The Act no longer refers to “assets” but to “property of the company”.

The pari passu rule is re-enacted in Section 618. Subordination agreements are exempted from the pari passu rule.

In the case of a members’ voluntary liquidation, a liquidator can divide among the members all of the company’s property, and may set upon any company property whatever value he deems fair. The full rule is set out here – Section 618(3) – and practitioners will recognise that it is Article 137 from Table A (Schedule One) of the 1963 Act.

The debts which must be proved in a winding up are set out here (Section 620) and there is no change in the law (previously, this area was set out in Section 283 of the 1963 Act).

Certain bankruptcy rules are imported into the Companies Act. This is not new; previously, this could be found in Section 284 of the 1963 Act.

The three rules which are imported from bankruptcy are: the rules in relation to (a) the respective rights of secured and unsecured creditors; (b) debts provable; and (c) the valuation of annuities and future and contingent liabilities.

The provision in Section 284(3) of 1963 has not been re-enacted because judgment mortgages registered before the commencement of the 1963 Act are not enforceable.

Two sections – Section 621 and Section 622 – make an exception to the pari passu rule and gives preferential status to the Revenue Commissioners and the company’s employees, as well as some other parties.

If there is not enough money to pay the preferential creditors, they rank equally among themselves.

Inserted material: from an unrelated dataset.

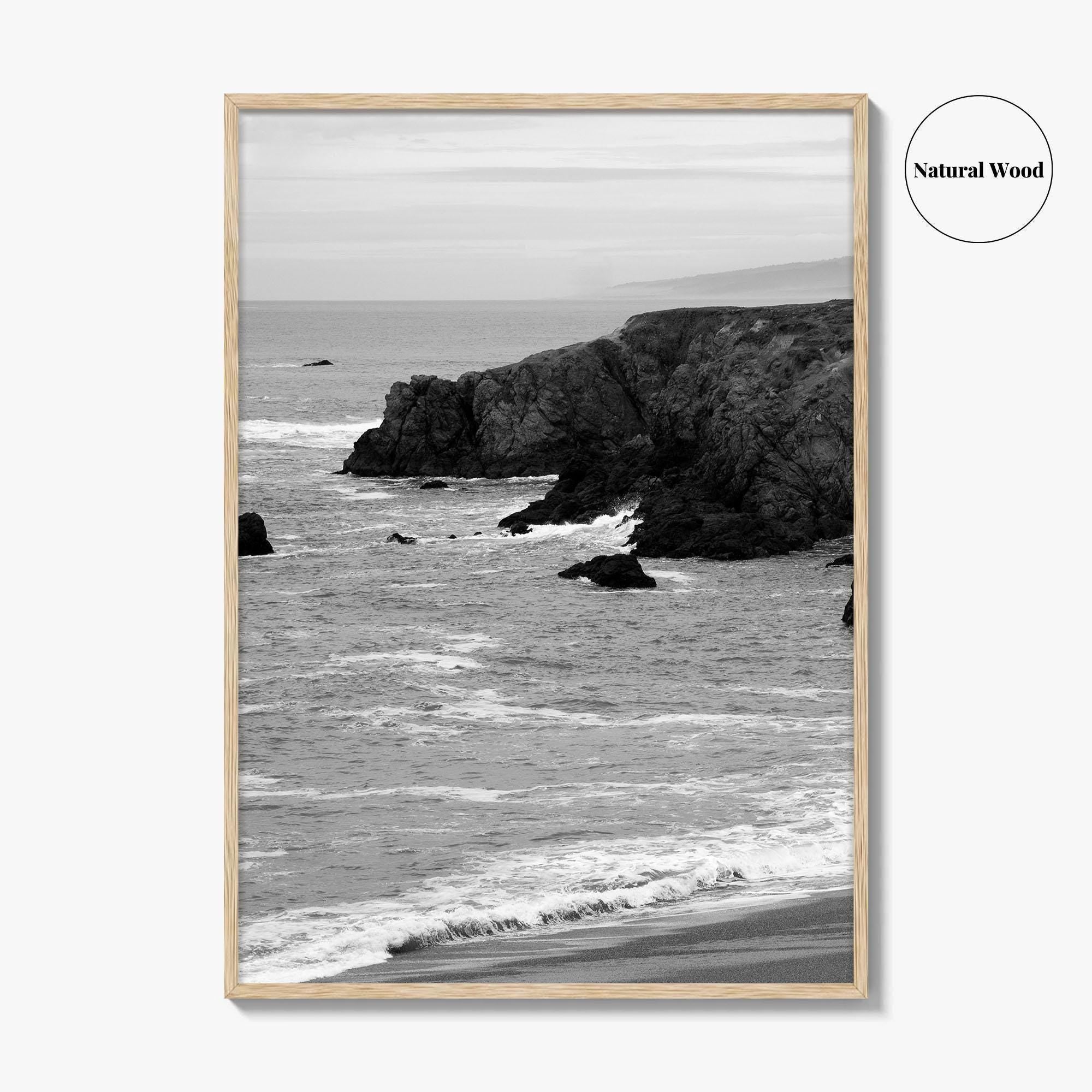 Bodega Bay Black and White Fine Art Photo Print, Sonoma Coast California Poster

The law in relation to this area was previously set out in Section 285 of the 1963 Act. There are minimal changes to what went before. There is no longer any statutory right to compensation such as that in the Workmen’s Compensations Acts 1934-1955, so references to that have been omitted. Second, certain paragraphs have been amended to alter the period of calculation, and to update the statutory references.

Parties making preferential claims must make them within 6 months of the date when the liquidator advertises that such claims must be made. This advertisement will be placed in at least two daily newspapers which circulate in the district where the company has its registered office.

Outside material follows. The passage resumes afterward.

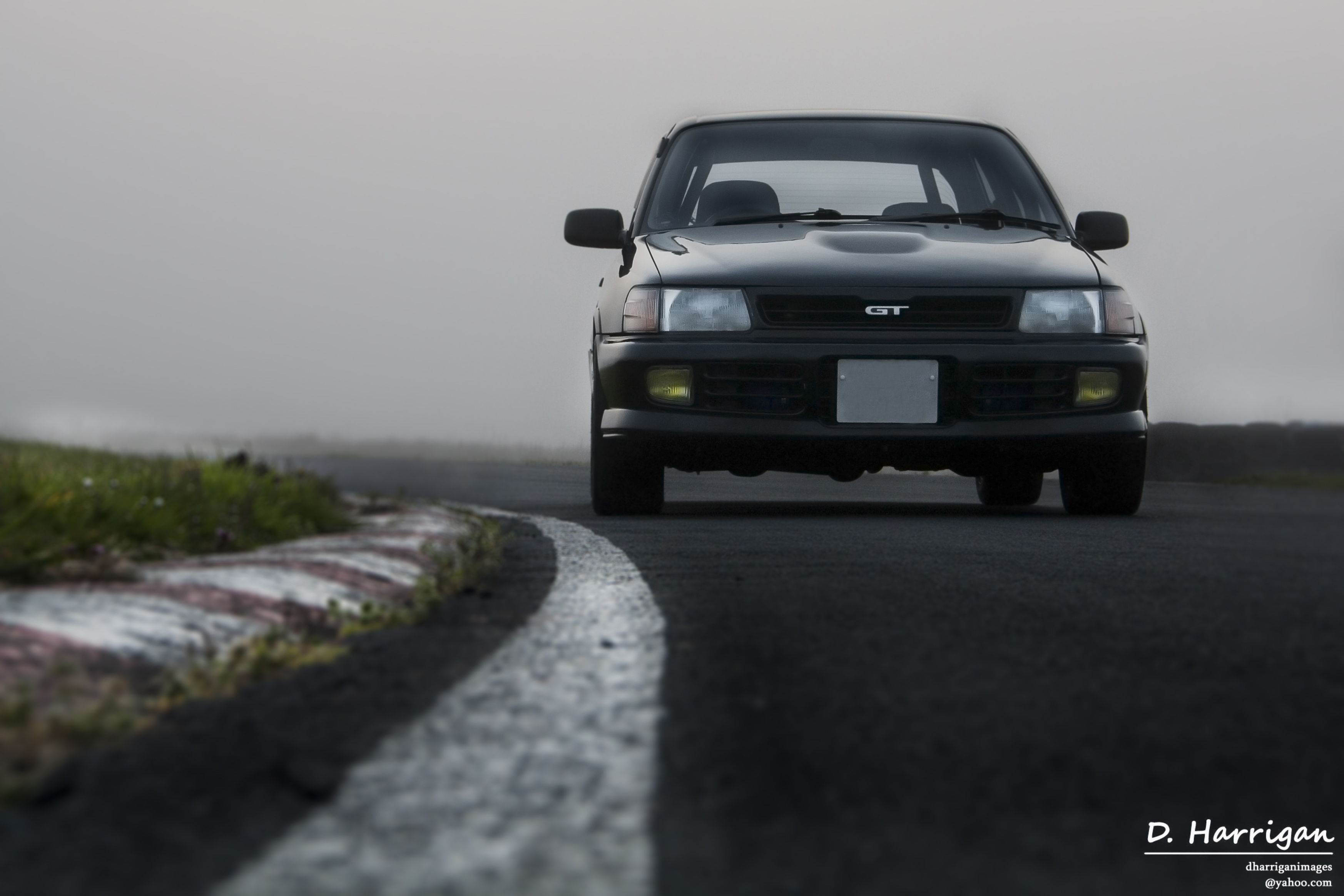 Wallpaper, Ireland, fog, Japanese, track, turbo, Toyota, northernireland, GT, circuit, Starlet, ep82, kirkistown 3492x2328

The main points in relation to preferential debts are:

1. The preferential creditors have propriety over the claims of creditors who hold floating charges. This is the case even where the floating charges were drafted to contain an “automatic crystallisation clause”, and where the debenture-holder caused the floating charge to crystallise before the commencement of the winding up (this was held in Re JD Brian Ltd (No 1) [2012] 1 ILRM 27)

2. Sums deducted by the employer from the employee’s pay in respect of PRSI do not form part of the company’s assets in a winding up. Such sums have been called “super preferential debts”, ranking before all other preferential debts and even before the liquidator’s remuneration and expenses. If the PRSI ought to have been deducted but was not, however, then that sum will merely have preferential status, not super preferential status.

3. All local rates accrued by the company in the twelve months before the winding up have preferential status.

4. Every employee can claim up to €3,174.35 in unpaid wages for services rendered, and that sum has preferential status. (This, however, does not apply to employees who work under a contract for service, i.e. independent contractors).

5. Accrued holiday pay and sick pay can be claimed without limit, as can outstanding pension contributions.

6. Any sums paid to an employee for unfair dismissal or for work accidents have preferential status.

The Companies Liquidation Account is the account which the liquidator uses to lodge unclaimed dividends or any undistributed balances.

The rules pertained to the Account are set out in Section 623.

The section is a mixture of Section 307 of 1963 and Order 74 rule 131 (3) of the Rules of the Superior Courts.